PS AUDIO: Why it matters

PSA

Paul McGowan writes:

We’ve been focusing on the designer’s choices when building a DAC or a preamp and one of my readers asked a great question: if even a single pot or stepped attenuator has a sonic signature that degrades the music, how is it then possible that the original recording chain can produce good sound with many pieces in the signal path all degrading the sound?  That doesn’t make sense.

In the recording chain the same effects we hear concerning pots, transistors, tubes, wires, and all things in the signal path have just as much an effect on the sound as the playback equipment does. Nothing different. So, if the recording process has 10 pots it goes through and two EQ banks, each successively adds its sonic signature to the sound. When you play it back you add yet another link in the sonic signature chain.

What I think is missing here is a good A/B – because you’re comparing in a vacuum.

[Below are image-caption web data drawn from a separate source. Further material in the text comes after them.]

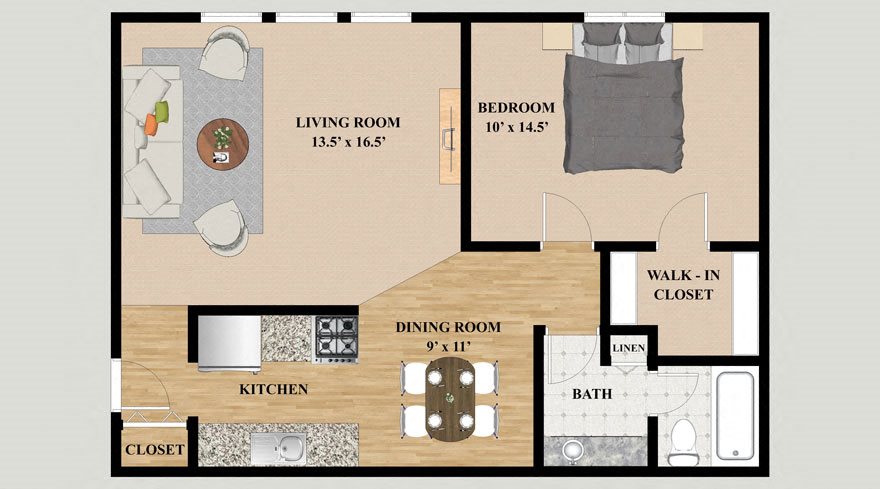 One Bedroom One Bathroom Floor Plan One Bedroom One Bathroom Floor Plan at Kensington Pointe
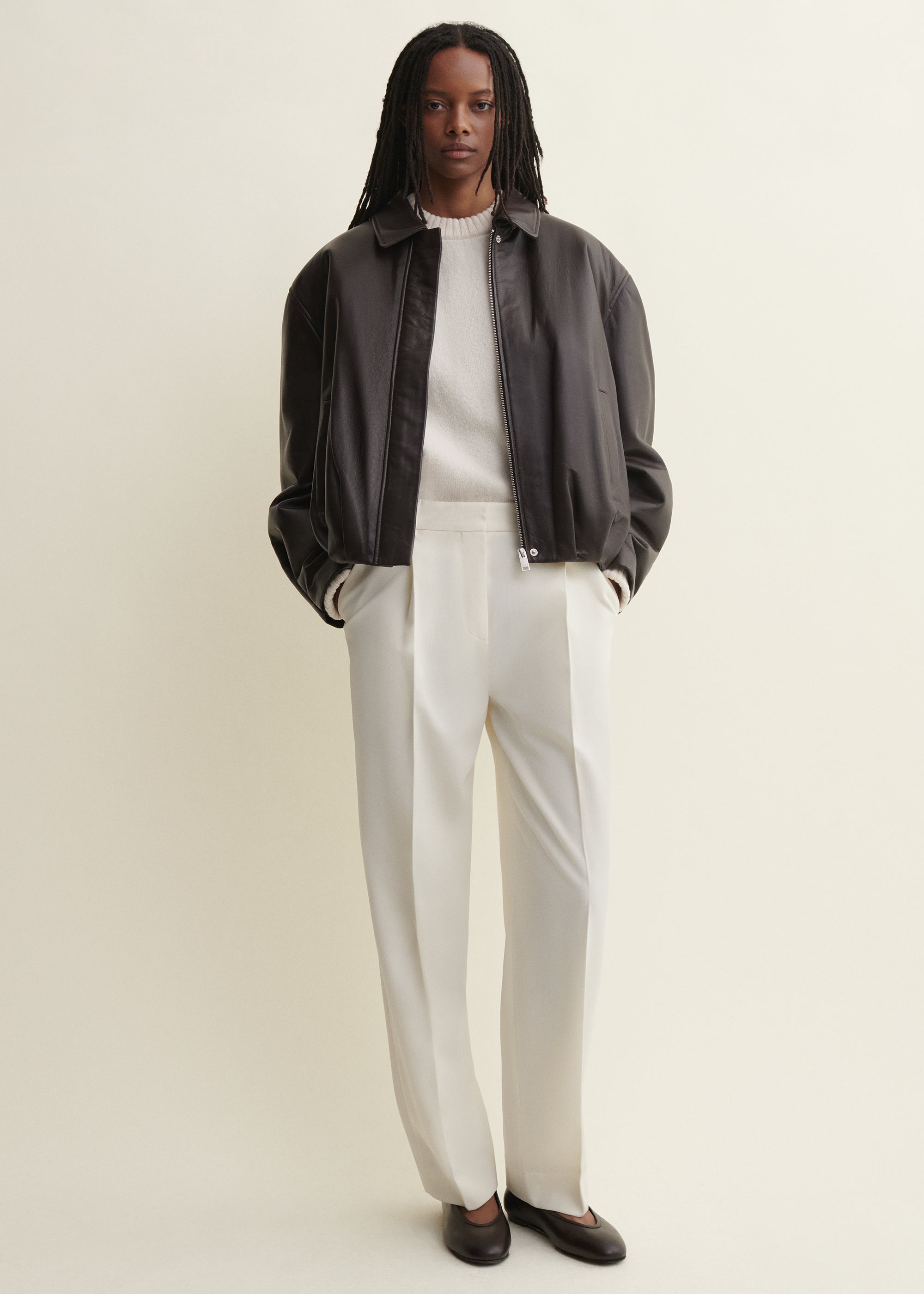 MELIS | Lederjacke im Aviator-Stil | COFFEE BEAN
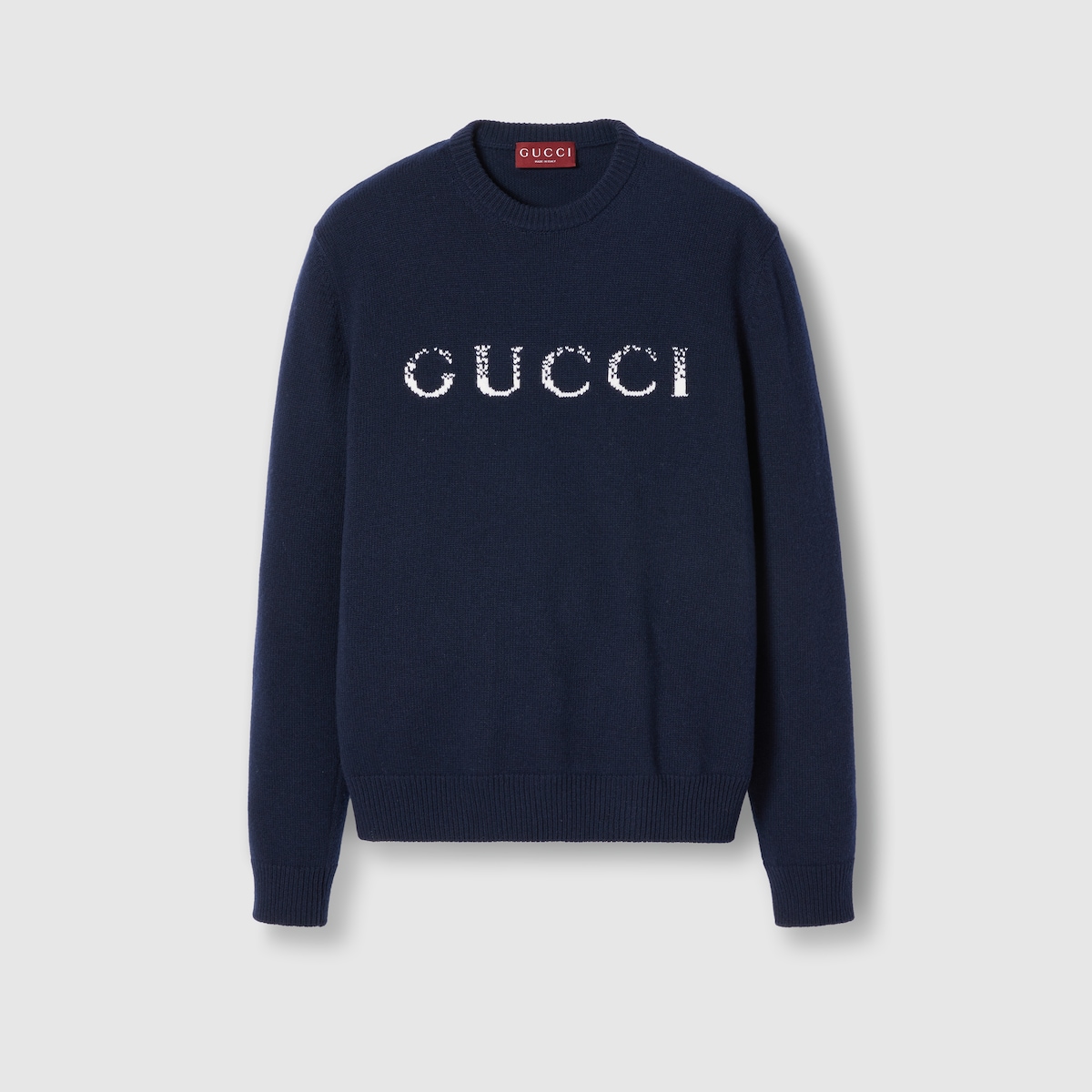 Maglione in lana con intarsio Gucci in blu scuro GUCCI Italia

Imagine if we had one group playing in a studio and two recording chains. One chain was the standard kitchen sink approach and the other was an extreme minimalist chain. You make a recording of each and then publish two CD’s. There’s no question in my mind that the minimalist CD would sound significantly better than the kitchen sink one.

I would also remind everyone that this is exactly what folks like Blue Coast and Mobile Fidelity etc. do – they have super tweaked out minimalist recording chains and this is one of the reasons their releases sound so much better than a commercial recording.